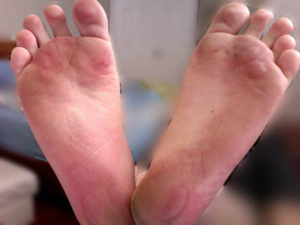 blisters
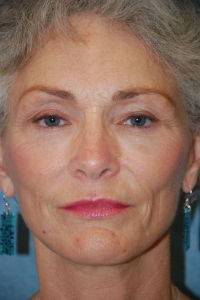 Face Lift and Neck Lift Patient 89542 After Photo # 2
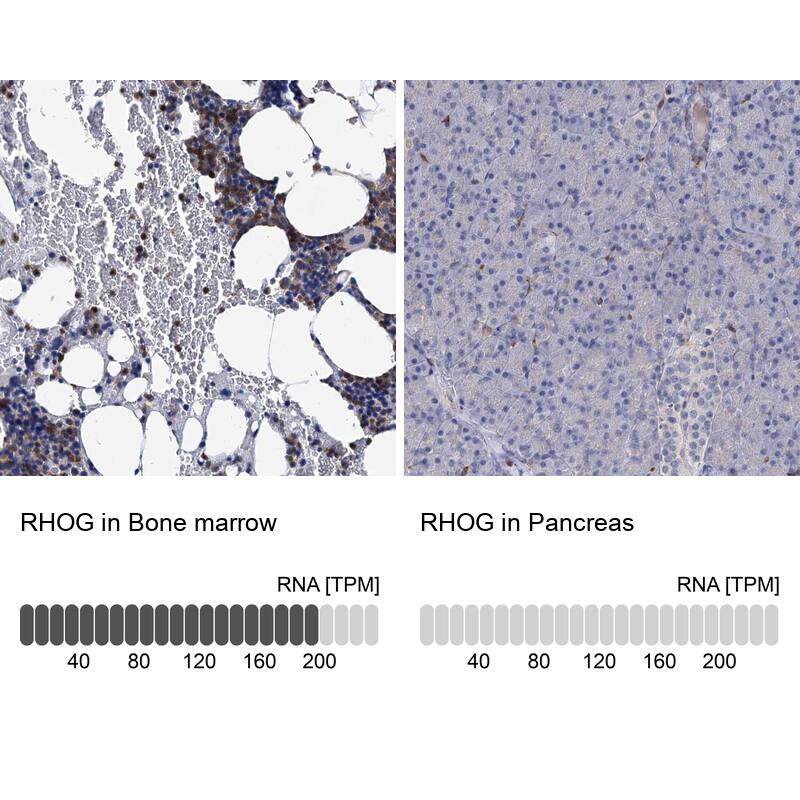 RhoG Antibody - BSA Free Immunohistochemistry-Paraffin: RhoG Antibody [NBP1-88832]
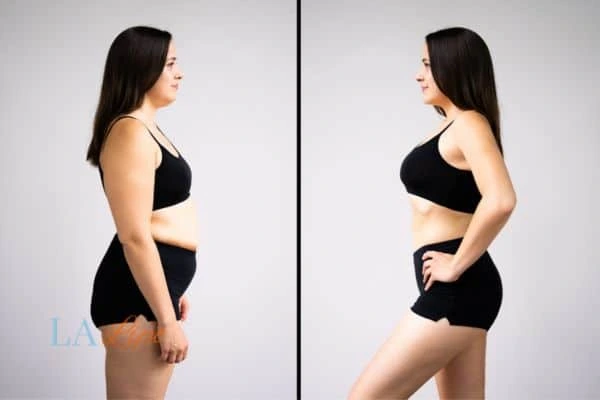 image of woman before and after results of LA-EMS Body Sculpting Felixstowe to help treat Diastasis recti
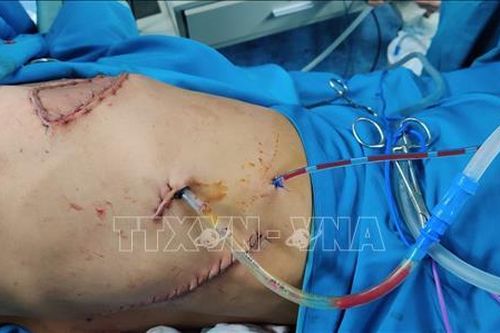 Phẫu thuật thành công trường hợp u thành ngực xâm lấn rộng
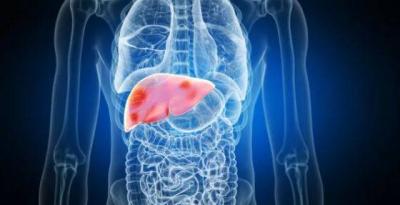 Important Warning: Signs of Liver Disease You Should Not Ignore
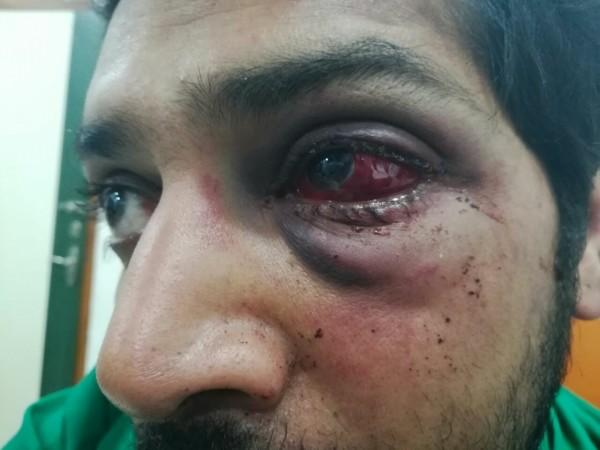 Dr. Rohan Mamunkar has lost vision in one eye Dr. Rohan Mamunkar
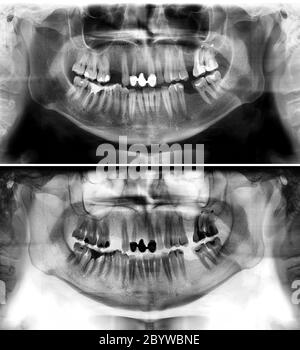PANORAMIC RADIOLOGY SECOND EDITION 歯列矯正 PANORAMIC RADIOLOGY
---
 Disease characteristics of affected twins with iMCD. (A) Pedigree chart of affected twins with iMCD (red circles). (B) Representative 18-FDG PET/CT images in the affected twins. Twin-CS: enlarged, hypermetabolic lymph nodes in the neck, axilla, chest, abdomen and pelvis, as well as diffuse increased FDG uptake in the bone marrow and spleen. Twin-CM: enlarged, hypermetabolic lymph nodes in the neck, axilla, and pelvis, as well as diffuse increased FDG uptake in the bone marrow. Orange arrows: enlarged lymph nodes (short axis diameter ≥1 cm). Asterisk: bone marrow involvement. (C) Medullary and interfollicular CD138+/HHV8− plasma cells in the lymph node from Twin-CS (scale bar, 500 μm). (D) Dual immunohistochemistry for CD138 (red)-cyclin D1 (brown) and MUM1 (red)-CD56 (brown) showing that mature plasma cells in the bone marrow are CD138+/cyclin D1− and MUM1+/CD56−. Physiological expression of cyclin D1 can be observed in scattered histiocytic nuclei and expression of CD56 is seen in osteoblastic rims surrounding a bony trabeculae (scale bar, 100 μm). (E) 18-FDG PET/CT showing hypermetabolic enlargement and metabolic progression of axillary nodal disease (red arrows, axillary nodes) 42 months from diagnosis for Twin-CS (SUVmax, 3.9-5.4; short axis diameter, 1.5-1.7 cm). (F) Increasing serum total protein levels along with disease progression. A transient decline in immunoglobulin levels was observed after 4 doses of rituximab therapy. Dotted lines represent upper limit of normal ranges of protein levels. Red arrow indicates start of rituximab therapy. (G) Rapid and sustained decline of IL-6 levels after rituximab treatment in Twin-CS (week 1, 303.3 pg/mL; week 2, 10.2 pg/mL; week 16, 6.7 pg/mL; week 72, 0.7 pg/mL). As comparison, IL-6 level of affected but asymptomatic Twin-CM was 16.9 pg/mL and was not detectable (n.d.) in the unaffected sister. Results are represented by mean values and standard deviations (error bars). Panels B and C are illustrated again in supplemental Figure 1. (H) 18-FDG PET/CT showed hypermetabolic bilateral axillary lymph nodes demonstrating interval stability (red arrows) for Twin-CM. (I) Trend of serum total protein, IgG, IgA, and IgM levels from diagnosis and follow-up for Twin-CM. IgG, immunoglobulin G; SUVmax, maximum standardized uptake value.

WHAT THE TASK REQUIRES: From the records above, transcribe only the stretch from the line with "Phẫu thuật thành" through the line with "PANORAMIC RADIOLOGY SECOND", keeping both ends. Omit pictures.

EXERCISE RESULT:
 Phẫu thuật thành công trường hợp u thành ngực xâm lấn rộng
 Important Warning: Signs of Liver Disease You Should Not Ignore
 Dr. Rohan Mamunkar has lost vision in one eye Dr. Rohan Mamunkar
PANORAMIC RADIOLOGY SECOND EDITION 歯列矯正 PANORAMIC RADIOLOGY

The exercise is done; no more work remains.